Inciting Violence or calling for violent actions to be taken against those people, or taking physical actions against a group of people, is where I set the isms.
There's dumb and wrong opinions, which everyone has, but if it only affects one person and is never acted upon, I'd argue it's a benign belief, one that doesn't cause harm to others and affects no one else, and so isn't worth the effort of getting offended about. It's more productive to laugh or mock that belief then to actually work to keep it down.
To me, when you start crossing the line is when you start calling for actual physical actions to be taken against people based on their skin color, sex, gender, nationality, or religion. And when a person does these things in the physical world, to harm others, because of what they believe about those other people having less worth and therefore deserving what happened to them.

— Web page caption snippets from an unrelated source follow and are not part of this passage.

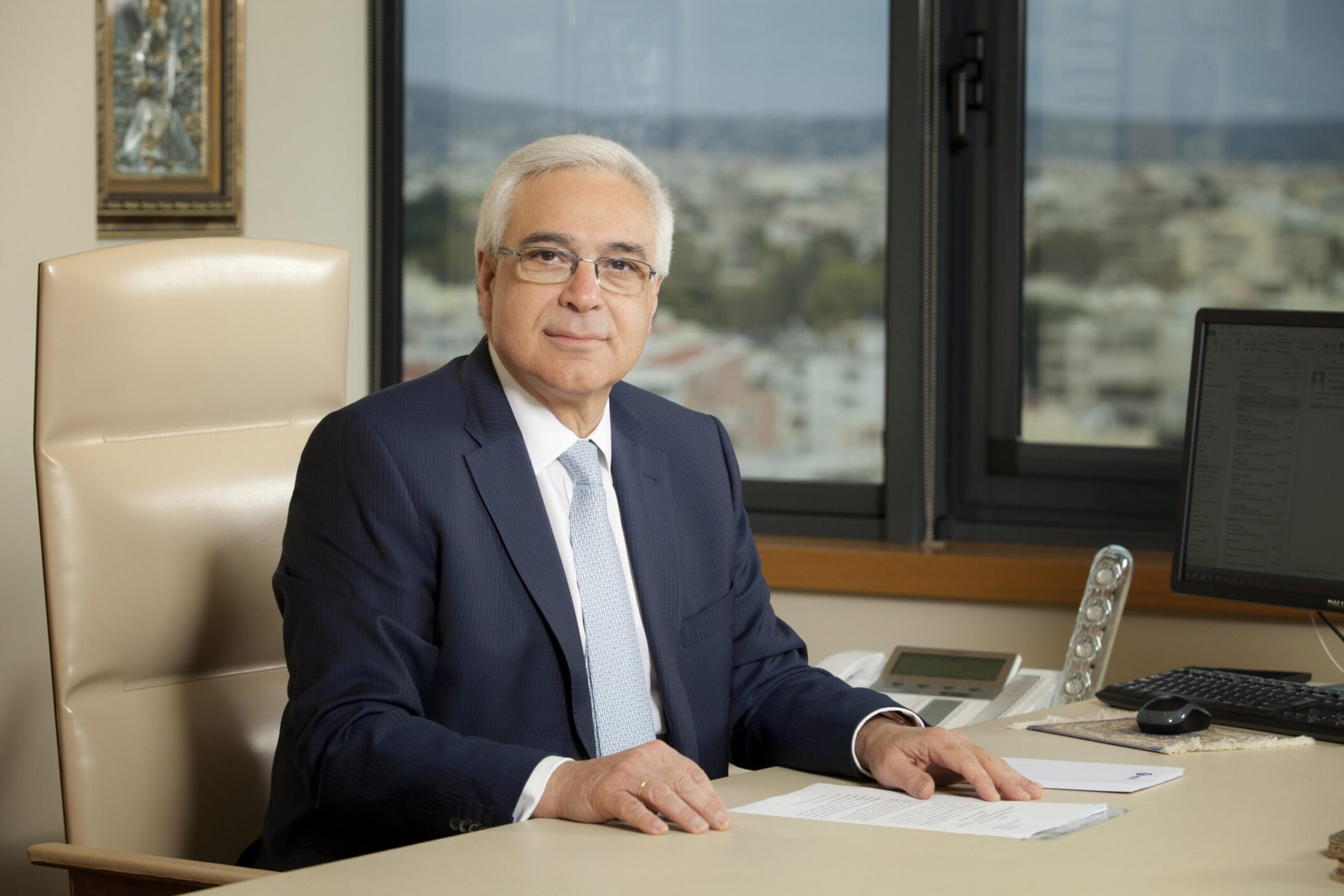 ΥΓΕΙΑ: Αξιολογήθηκε επιτυχώς από την Joint Commission International (JCI)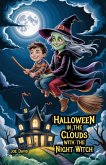 Halloween in the Clouds with the Night Witch (eBook, ePUB) Halloween in the Clouds with the Night Witch (eBook, ePUB)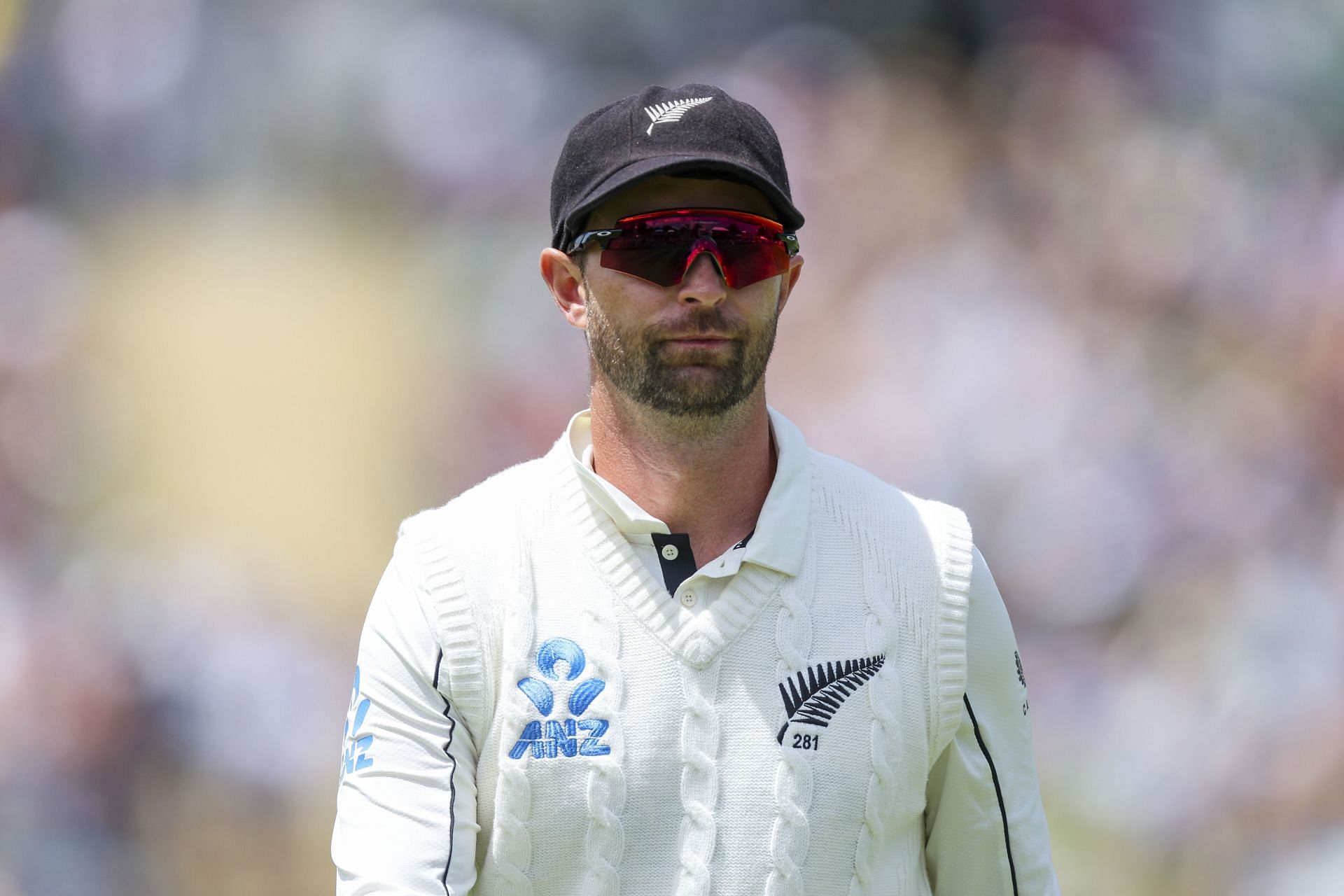 New Zealand v England - 2nd Test: Day 2 - Source: Getty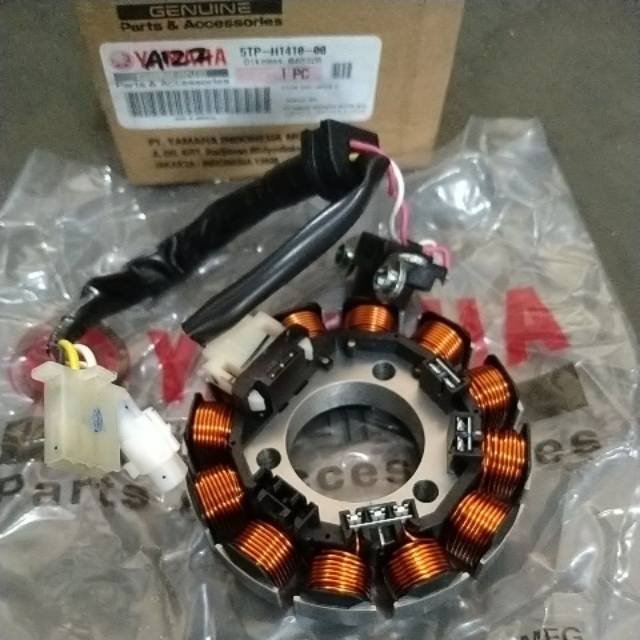 SPUL JUPITER/VEGA R NEW 5TP-H1410-00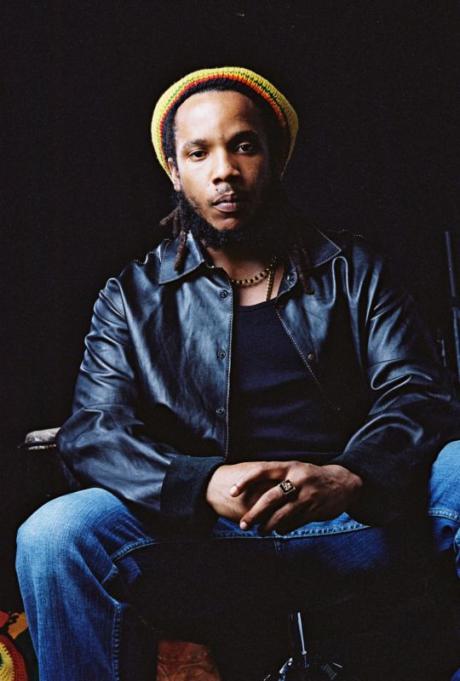 Stephen Marley - Marley junior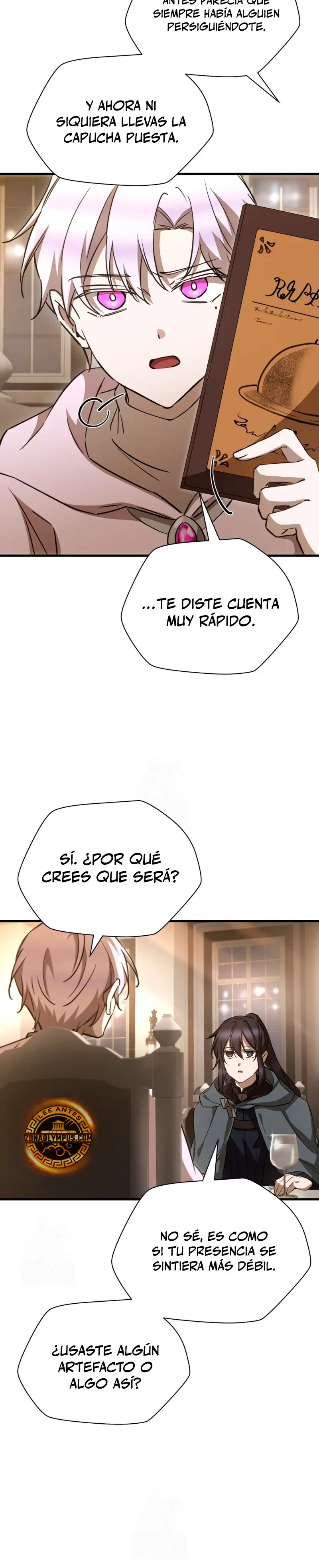 Read Helmut El Niño Abandonado ES Manga Online
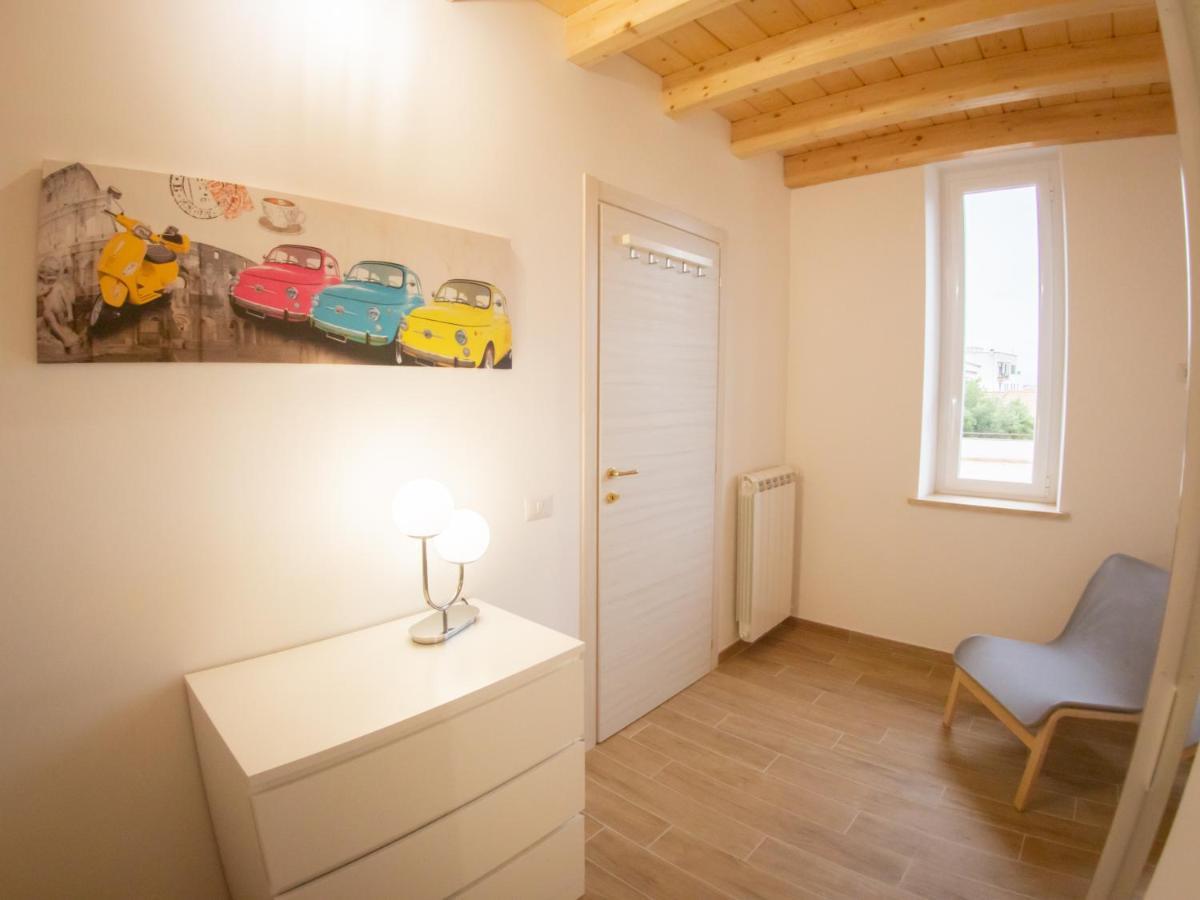Flats 15 - New Opening Appartamento *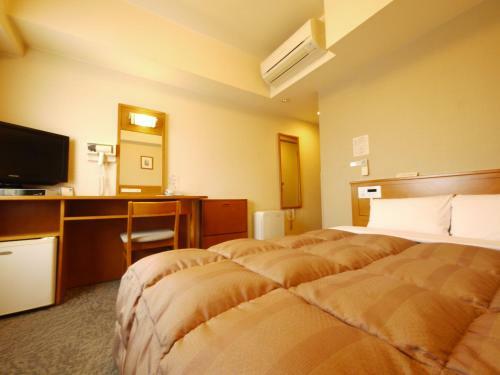 Hotel Route-inn Fukaya Ekimae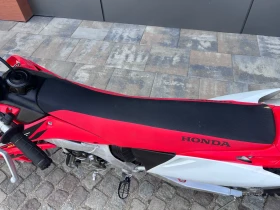 Honda Crf 250, снимка 10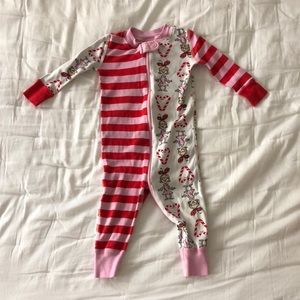 Hanna Andersson Dr. Sues PJs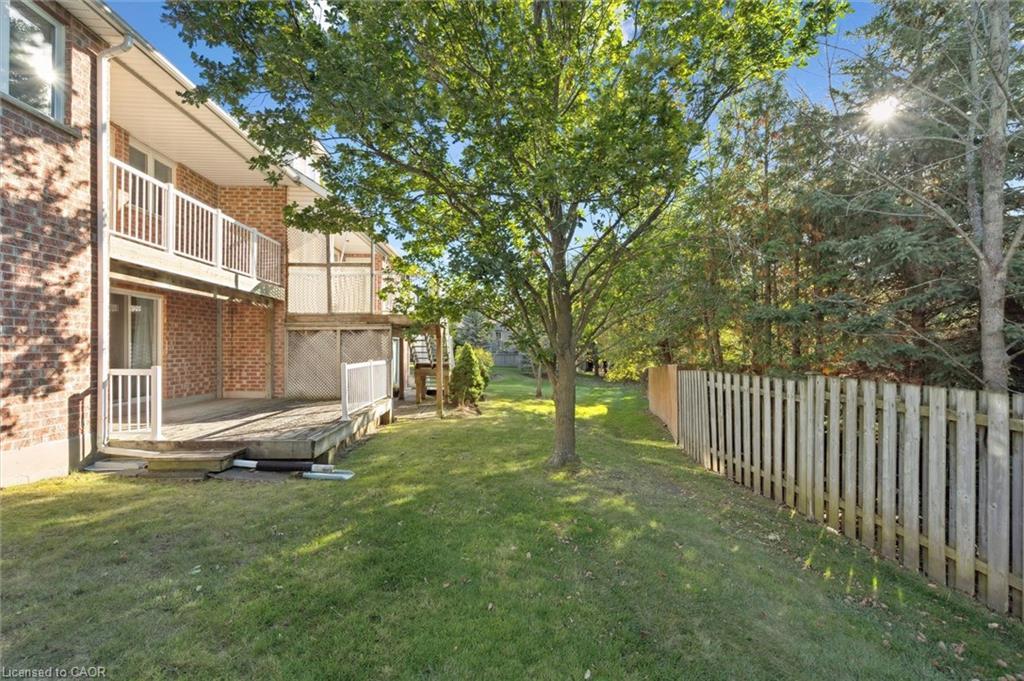 17 Terraview Crescent, Guelph, ON - Outdoor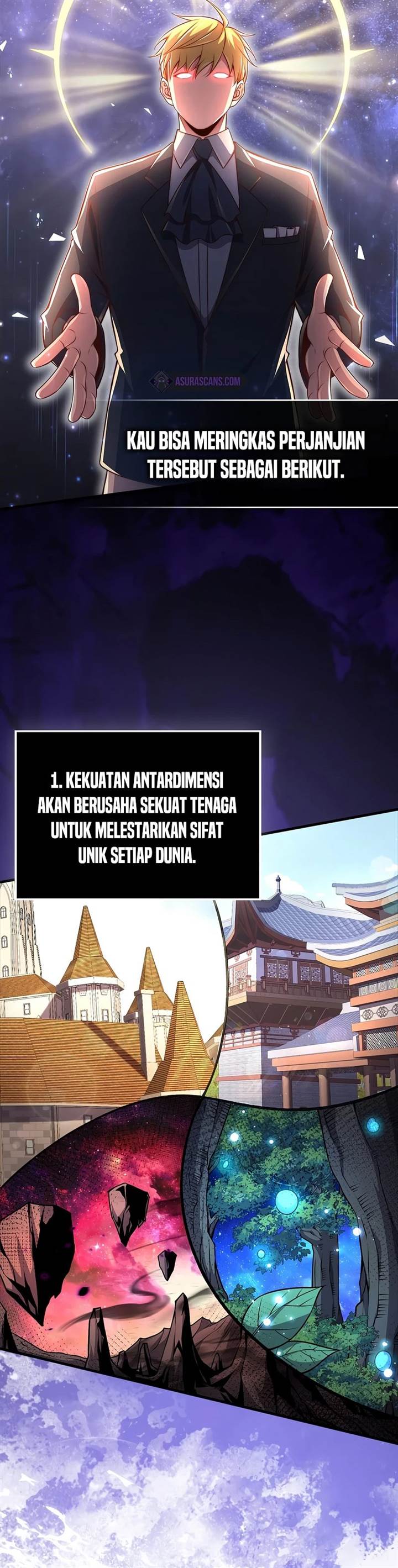 
              The Lord’s Coins Aren’t Decreasing?!             Chapter 132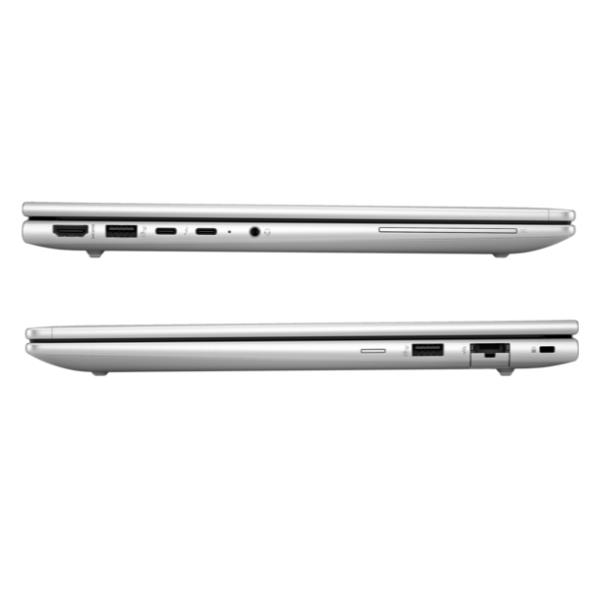 Notebook HP EliteBook 640 G11 14" Intel Core Ultra 5 16GB 512GB Win11 Pro 4G LTE - immagine 3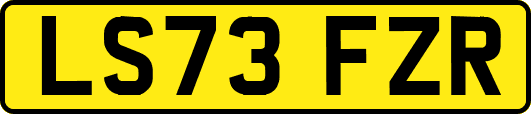 LS73FZR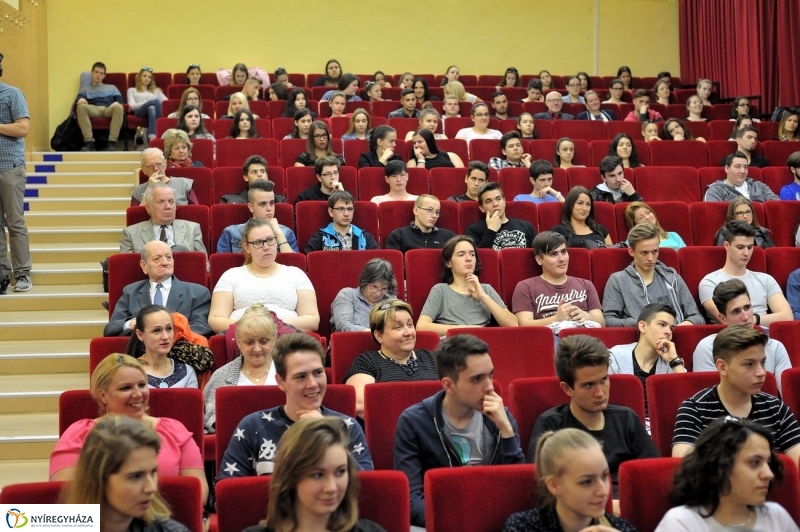 Magyar Nyelv Hete - fotó Szarka Lajos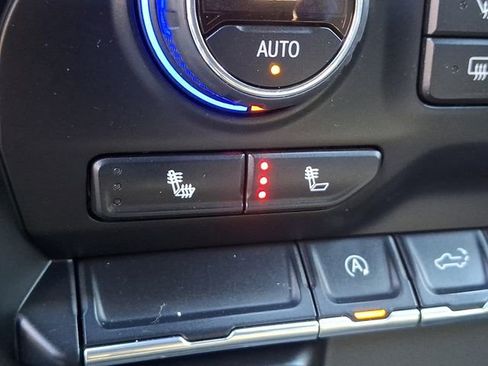 Used 2019 Chevrolet Silverado 1500 LT w/ All-Star Edition image 26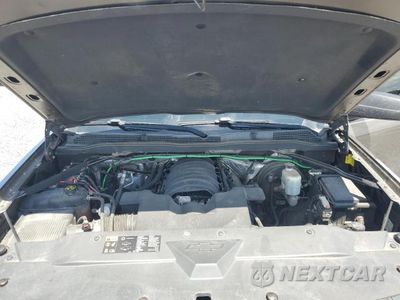 Zdjęcie 11 z 12 samochodu: 2014 CHEVROLET SILVERADO C1500 LT VIN:3GCPCREC4EG131920 - miniatura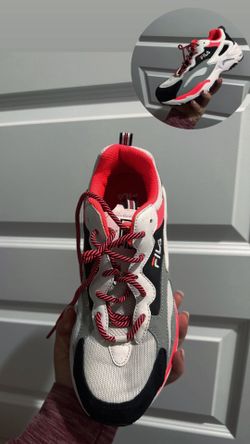 Fila Shoes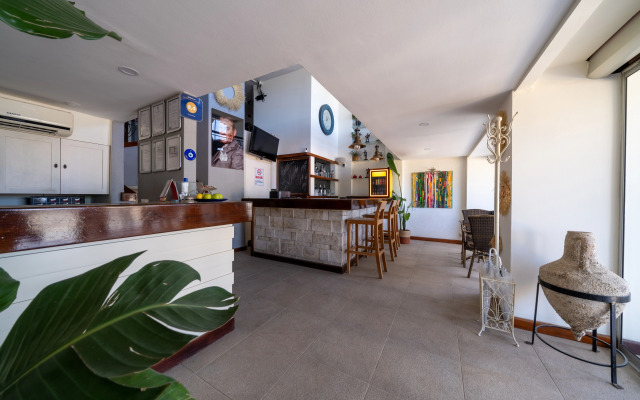 Gulet Hotel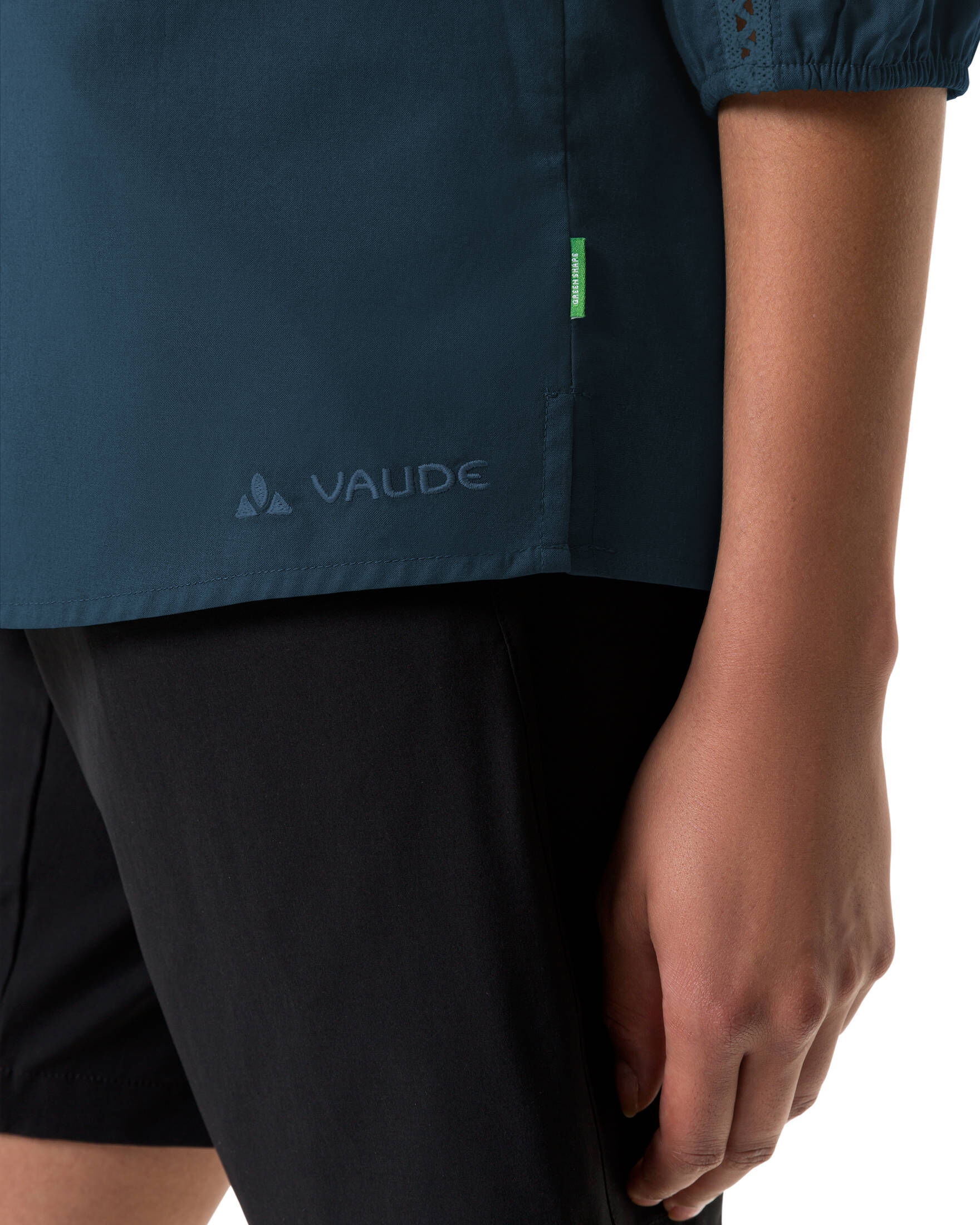 VAUDE| Damen Bluse WO SKOMER 3/4 SHIRT II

Words are mostly meaningless, societies which have attempted to wrangle in and control the language in ways to reflect morality have often been on the wrong side of history, and often were more harmful to the cause of defeating discrimination or various isms then actually solving them.
It's actions that make isms so bad, and why it's important to reduce them to a mitigated level. I feel like in this day and age, people are way more sensitive to words then actual actions, which I find baffling. People who murder others over religious views are viewed in circles as more morally acceptable then those who hurt others feelings with a strongly worded paragraph or sentence. It's a time I really have no liking for, and I question why anyone would consider feelings more important then actions in determining what is or isn't an ism.